*Brief:*
Set down every line from the one containing "Welcome to this" through the last line of the records below, exactly as written, and leave out the pictures.

Saved entries
══════════════════════════════
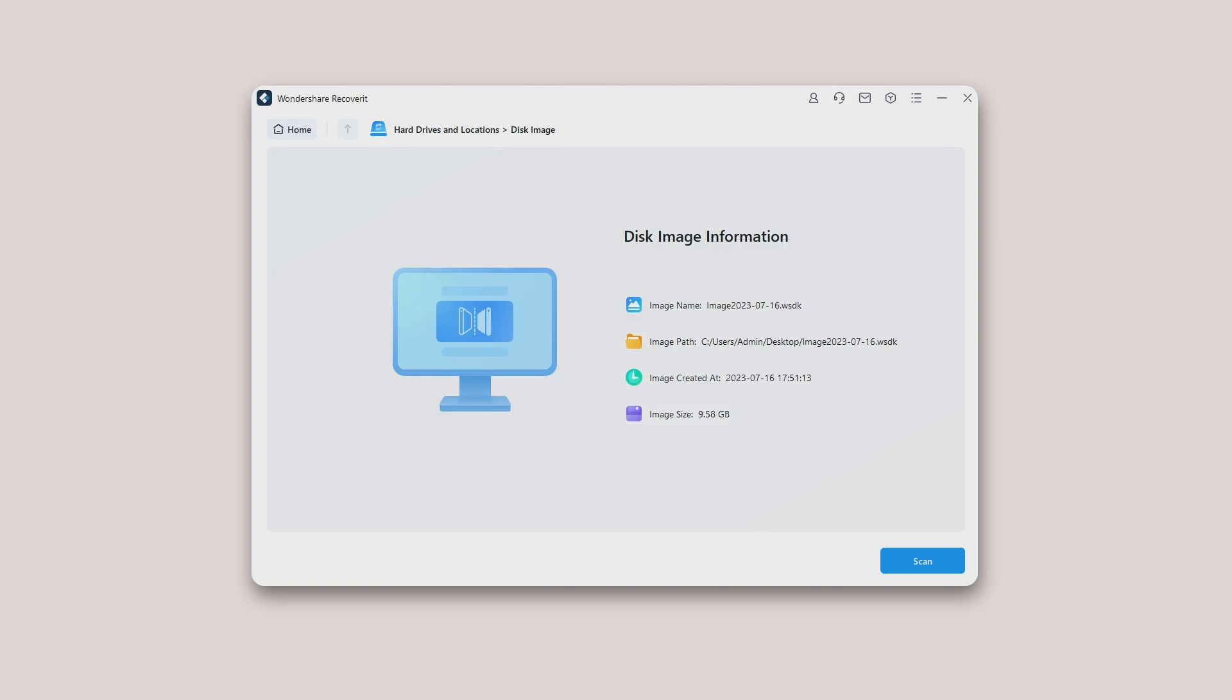If the file is valid, Recoverit will automatically start the import and you will be able to see the details of the imported disk image file. Now tap on Scan and Recoverit will start scanning the disk image file you have imported. Once done, go to step three.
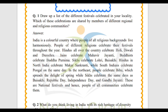If I talk about Hindus, they celebrate Holi, Diwali, and Dashera. Jains celebrate Mahavir Jayanti. Buddhists celebrate Buddha Purnima, and Sikhs celebrate Lohri and Baisakhi. North Indians celebrate Makar Sankranti while South Indians celebrate Pongal. North East people celebrate Bihu in the same season.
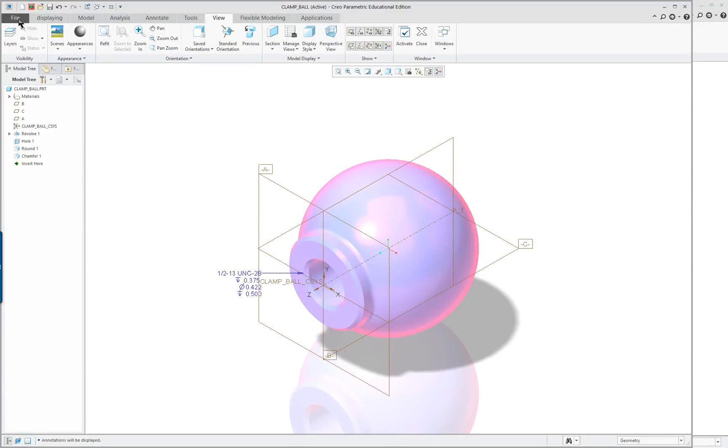This concludes the map key portion of lesson two.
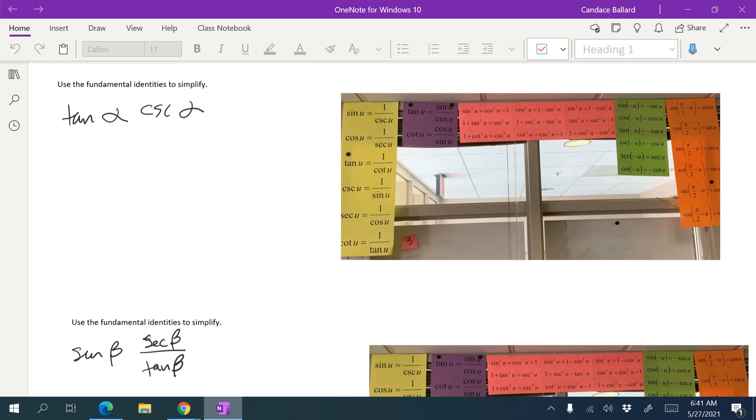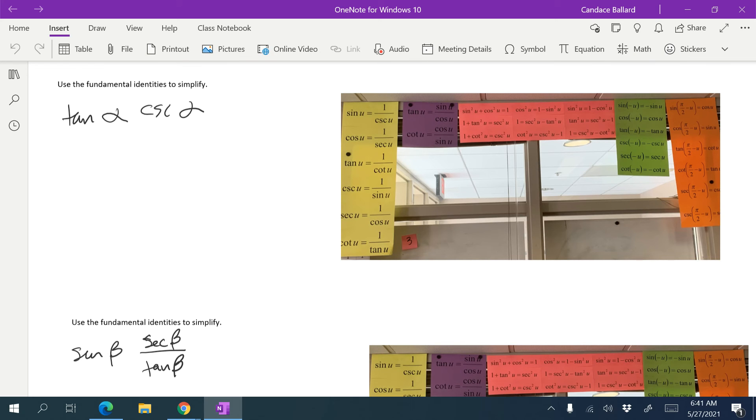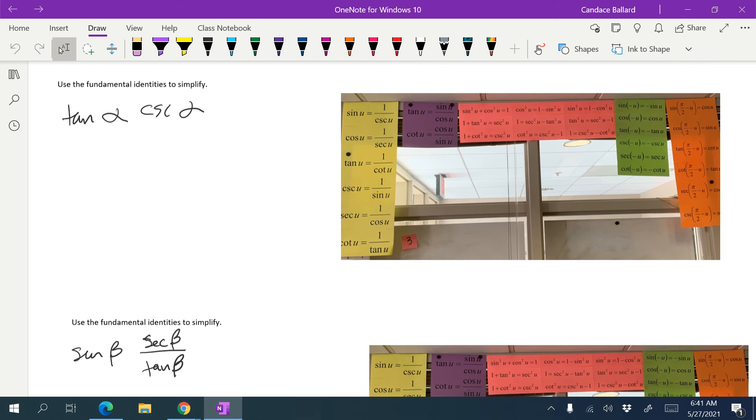In this video, I'm going to use my fundamental identities to simplify, and this one is a pretty basic one. I know that if all else fails, I write things in terms of sine and cosine.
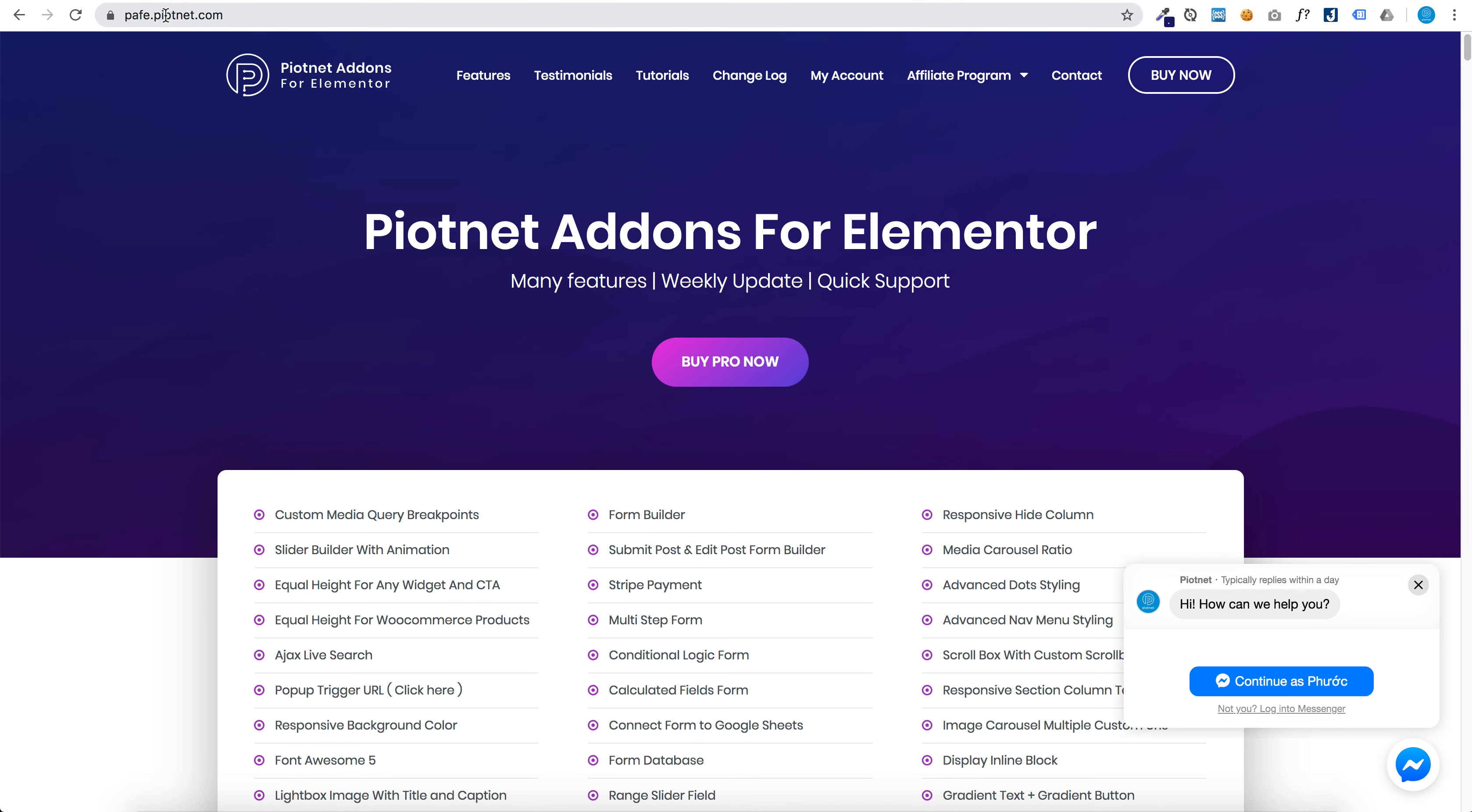You can buy Piotnet Addons for Elementor at P-A-F-E dot piotnet dot com. Thanks for watching.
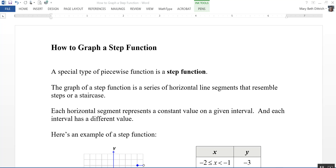This video is on how to graph a step function. A special type of piecewise function is called a step function. The graph of a step function is a series of horizontal line segments that resemble steps or a staircase. Each horizontal segment represents a constant value on a given interval, and each interval has a different value.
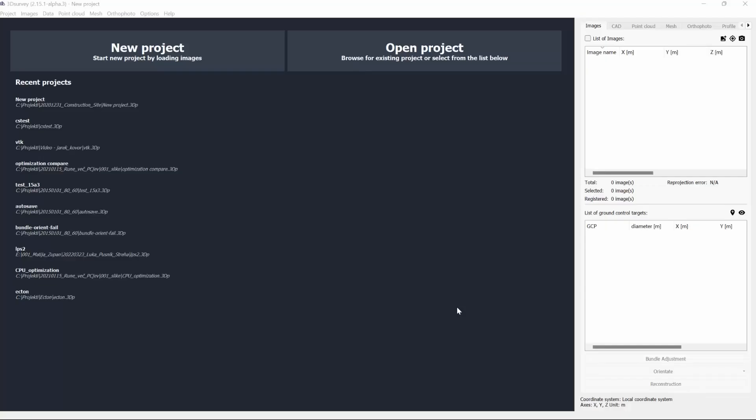Hi, welcome to another 3D survey tutorial. Today we'll learn how to set your vertical coordinate system by choosing a GWT.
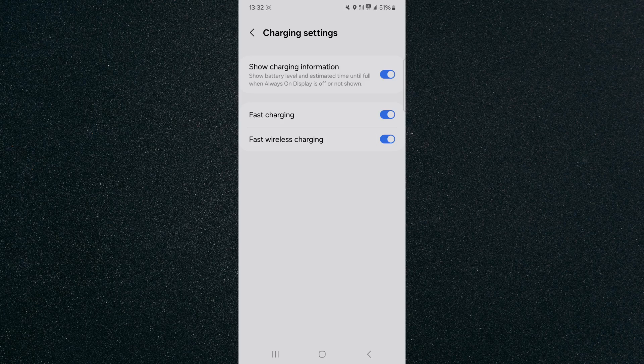Once you've done that, plug your phone in or charge wirelessly and check if it's charging fast. That's how to fix Android slow charging.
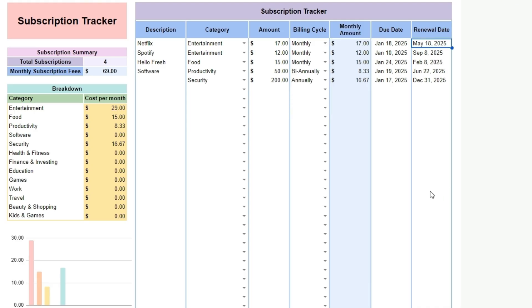By using this tool, you can quickly identify subscriptions you may no longer need, avoid unexpected renewals, and keep your budget on track, making it easier to manage your finances with confidence.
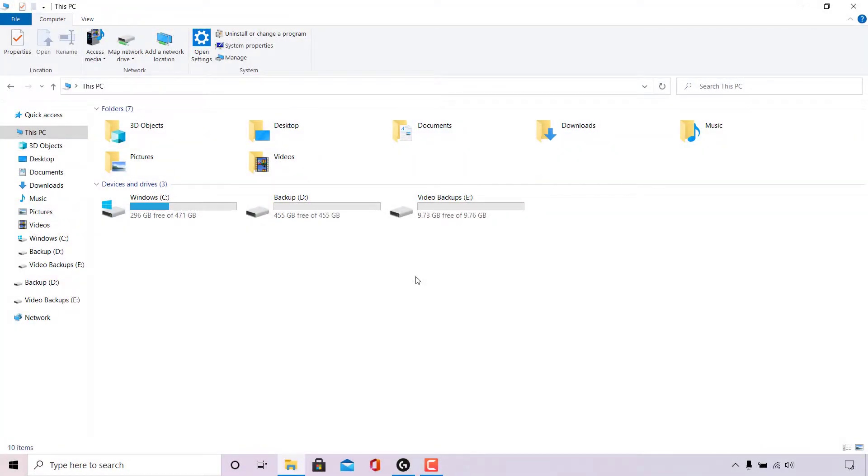How to unpartition or delete partitions for your NVMe, SSD, and HDDs in Windows 10.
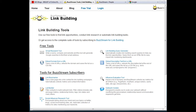Hi everyone, this is Paul. I wanted to give you a quick tour of two new tools we've added to help you research email addresses when you're building lists or when you're researching influencers. One of these is a free tool that's available now on our website, and the other is available to BuzzStream subscribers.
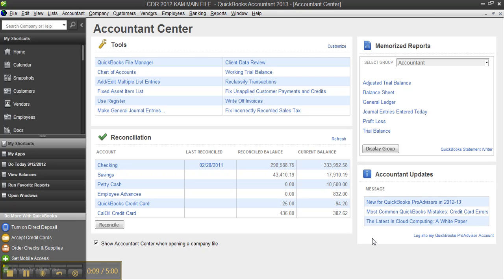As far as write-up work you do, we did a clean-up in QuickBooks using client data review, and then we had an adjusted trial balance, and then we went to the statement writer to run our reports all under one roof using QuickBooks Accountant Edition.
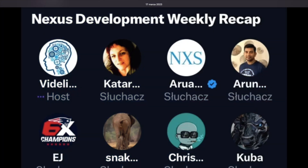Welcome to this development update. Today is Saint Patrick's Day — March 17th, 2023. This is the weekly recap development update. We may switch back to Thursdays; it seems like there's less turnout on Fridays, I think everybody's out partying.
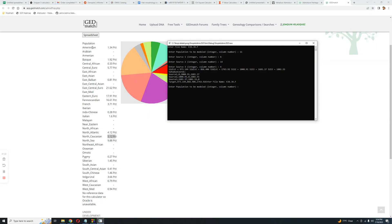So we need to enter the column number. What is the column number for North Caucasians? Let's see — Amerindian is 1, Arabian is 2, Armenian is 3... counting through all 36 columns... Yes, North Caucasian is number 23.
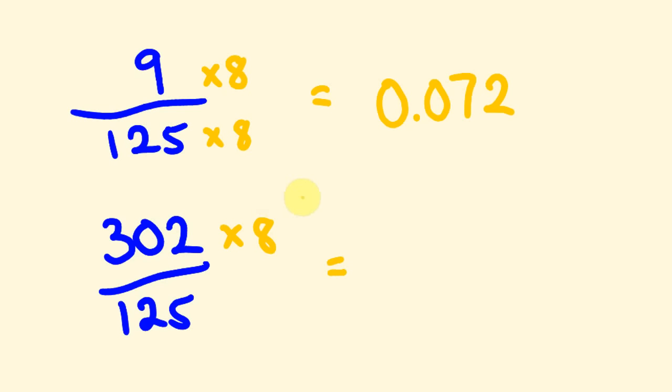So first off, 302 times 8. Hopefully you're going to get the answer of 2,416. So now we're going to divide that by 1,000. We're moving the decimal place 3 times. 1, 2, 3. Our answer: 2.416.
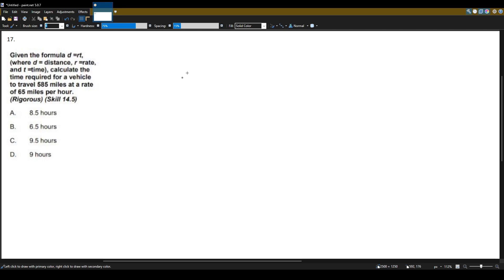Given the formula D equals RT, where D is the distance, R is the rate, and T is time.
══════════════════════════════
*Output for this task:*
Welcome to this development update. Today is Saint Patrick's Day — March 17th, 2023. This is the weekly recap development update. We may switch back to Thursdays; it seems like there's less turnout on Fridays, I think everybody's out partying.
So we need to enter the column number. What is the column number for North Caucasians? Let's see — Amerindian is 1, Arabian is 2, Armenian is 3... counting through all 36 columns... Yes, North Caucasian is number 23.
So first off, 302 times 8. Hopefully you're going to get the answer of 2,416. So now we're going to divide that by 1,000. We're moving the decimal place 3 times. 1, 2, 3. Our answer: 2.416.
Given the formula D equals RT, where D is the distance, R is the rate, and T is time.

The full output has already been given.